— Юрья, еще раз прочти это местечко, тут очень важная мысль. Я часто думаю об этом, часто вспоминаю это состояние Андрея.
И я, пытаясь своим умом постигнуть, что его так взволновало, стал читать:
«Ему так ничтожны казались в эту минуту все интересы, занимавшие Наполеона, так мелочен казался ему сам герой его, с этим мелким тщеславием и радостью победы, в сравнении с тем высоким, справедливым и добрым небом, которое он видел и понял, — что он не мог отвечать ему.
Да и все казалось так бесполезно и ничтожно в сравнении с тем строгим и величественным строем мысли, который вызывали в нем ослабление сил от истекшей крови, страдание и близкое ожидание смерти. Глядя в глаза Наполеону, князь Андрей думал о ничтожности величия, о ничтожности жизни, которой никто не мог понять значения, и о еще большем ничтожестве смерти, смысл которой никто не мог понять и объяснить из живущих…»
— Вот и остановись тут, Юрья, обожди чуток. — Селивёрст Павлович положил руку на раскрытые страницы и погрузился в раздумье, словно забыл обо мне. Лежал он тихо, закрыв глаза, только морщинки на лбу напряженно и нервно вздрагивали. — Юрья, а ты думал когда-нибудь о смерти, своей смерти? — Он открыл глаза и сосредоточенно посмотрел на меня. — Скорей всего, вряд ли думал всерьез, — ответил он сам себе, не ожидая, что я скажу. — А думать о ней надо. Человек от рождения должен знать и помнить, что у него будет и последний день, как был первый… А о первом он всю жизнь думает чаще, чем о последнем.
— Почему же?
— А так уж мы устроены, Юрья, жизнь ценим, смерть ценят и готовы к ней бывают совсем не многие. Я не говорю о болезненном поиске смерти, такое тоже случается, я имею в виду здоровые чувства человеческие. Наполеон в блеске своей славы думает, что он вечен, а Болконский вдруг понимает, что перед смертью они оба ничтожны, и в этот момент Андрей открывает то, что монарх не принял даже в изгнании на острове Святой Елены. Обреченность — вот удел всякой жизни. Раньше я не думал об этом, теперь же думаю часто. И пришло это ко мне в районной больнице. Знаешь, Юрья, странная вещь, со мной лежали мужики, здоровые духом. Мне кажется, сколько они могли бы еще выдюжить, а их каждый день подбирала смерть, посеянная еще на войне. Годы прошли, она терпеливо ждала. И уносила, уносила так же безжалостно, как когда-то настигала пуля. Уж не свистят больше пули, а мужики мрут. Хвори все полезли из них и одолевают, одолевают, лекрень его возьми.
Я слушал и думал, что он опять затеял этот разговор.
— Все мы недолговечны, Юрья.
— Да брось ты, что за речи? — невольно возразил я.

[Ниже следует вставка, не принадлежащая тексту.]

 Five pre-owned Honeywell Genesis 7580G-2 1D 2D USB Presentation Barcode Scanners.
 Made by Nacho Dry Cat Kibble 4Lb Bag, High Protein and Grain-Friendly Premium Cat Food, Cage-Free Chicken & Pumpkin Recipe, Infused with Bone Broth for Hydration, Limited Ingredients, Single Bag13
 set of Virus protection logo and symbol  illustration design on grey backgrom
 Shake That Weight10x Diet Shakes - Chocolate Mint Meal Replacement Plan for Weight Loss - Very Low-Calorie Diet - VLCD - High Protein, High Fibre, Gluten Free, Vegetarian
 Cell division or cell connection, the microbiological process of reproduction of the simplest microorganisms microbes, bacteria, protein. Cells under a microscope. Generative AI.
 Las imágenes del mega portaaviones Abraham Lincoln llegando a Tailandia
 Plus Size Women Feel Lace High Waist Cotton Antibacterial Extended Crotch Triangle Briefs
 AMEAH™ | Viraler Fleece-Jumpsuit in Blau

— Не говори так, ты слишком мал, чтобы понимать до конца состояние человека, у которого смерть за спиной. Я не случайно попросил прочитать тебя именно это место. Смысл смерти понять и объяснить невозможно, ее надо уметь принять в решающий час. Я готовлюсь к нему… И должен позаботиться о некоторых земных делах, которые вряд ли уж сумею довести до конца сам. А довести надо бы, не сегодня, не завтра, возможно, через годы, когда меня не будет. И сделаешь это ты. Не все должно уходить вместе с человеком даже из того, что он скрывал всю жизнь от других. Не осуждай меня, что именно на твои плечи взваливаю этот нелегкий груз. Но видно, уж таиться мне больше нельзя, всякое может случиться ненароком, с собой в землю тяжесть мою душевную уносить не хочу… Вот что, Юрья, достань-ка из-под кровати лукошко мое. Знаешь его?
— Знаю-знаю, — я спешно кинулся под кровать и в темноте сразу же наткнулся на лукошко.
— Протри тряпкой, пыли там небось воз. Тащи к свету в переднюю.
— Какое оно у тебя старинное, — удивился я, поставив лукошко на стол.
— Брат старший Лиды, тоже уж давно покойничек, лукошко это сделал ей, когда она еще девчонкой была. Она сама его расписала, с ним и в дом ко мне пришла, — тихо сказал Селивёрст Павлович. — Рука у нее была легкая, посмотри, каких коней нарисовала.
Я поставил лукошко на стол и залюбовался веселым табуном гривастых, сильных лошадей, летящих по всей окружности лукошка. Ярко-красной крепкой грудью напирая друг на друга, они были нетерпеливы, жадно хватали воздух раздутыми ноздрями и отчаянно вздыбивали землю. И у всех были одинаково тонкие ноги и миниатюрные копытца. Это был поразительно точный, восхитительный ритм большого табуна, с такой достоверностью передающий стремительность движения.